Administering in a Hadoop Cluster

This section contains important details about administering the Privitar platform in a Hadoop cluster.

Supported Character Encodings

Privitar requires all input data to be in UTF-8 format. This is due to the current level of support in Spark.

Sensitive Information Leakage After YARN Abnormal Termination

As Spark jobs for Privitar are running in the cluster they write out temporary files to the directory(s) set by the YARN yarn.nodemanager.local-dirs parameter. Due to the nature of Privitar, these files may include sensitive information.

In the event that YARN terminates abnormally, such files may remain in YARN's working directory(s) and not be automatically cleaned-up.

The files must therefore be manually removed in this situation. To do this, delete cache files for Privitar jobs that failed to the YARN termination. The cache files are located under the sub-directory of the directory:

${yarn.nodemanager.local-dirs}/usercache/${username}/appcache/${applicationId} 

This directory corresponds to the user that ran the job.

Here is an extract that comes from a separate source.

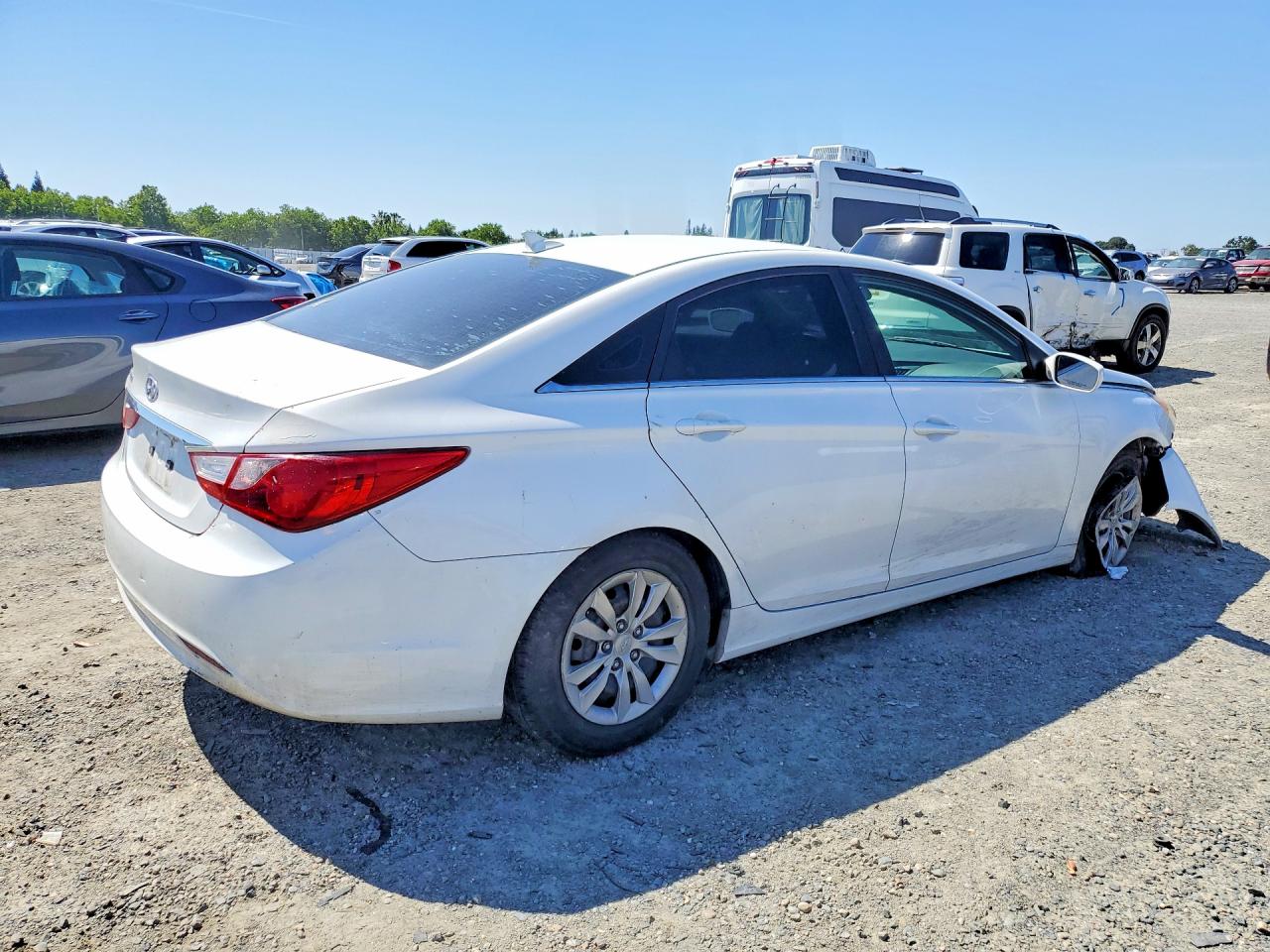HYUNDAI SONATA 2011 — 4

Configuring HDFS-level compression

HDFS-level compression is transparent to Privitar and requires only cluster-level configuration.

To enable HDFS-level compression, see the Cloudera HDFS Administration Guide.

Compression inside Avro files

To enable a compression codec inside Avro files, modify the spark-overrides.properties file in:

<processor-root>/config 

as follows:

spark.sql.avro.compression.codec = uncompressed|snappy|deflate
spark.sql.avro.deflate.level = 5 // if using deflate

Internal Spark compression

Spark can use compression internally (for RDD partitions, broadcast variables and shuffle output). This is transparent to Privitar and requires only cluster-level configuration.

For more information about configuring compression in Spark, see the Apache Spark Configuration Guide .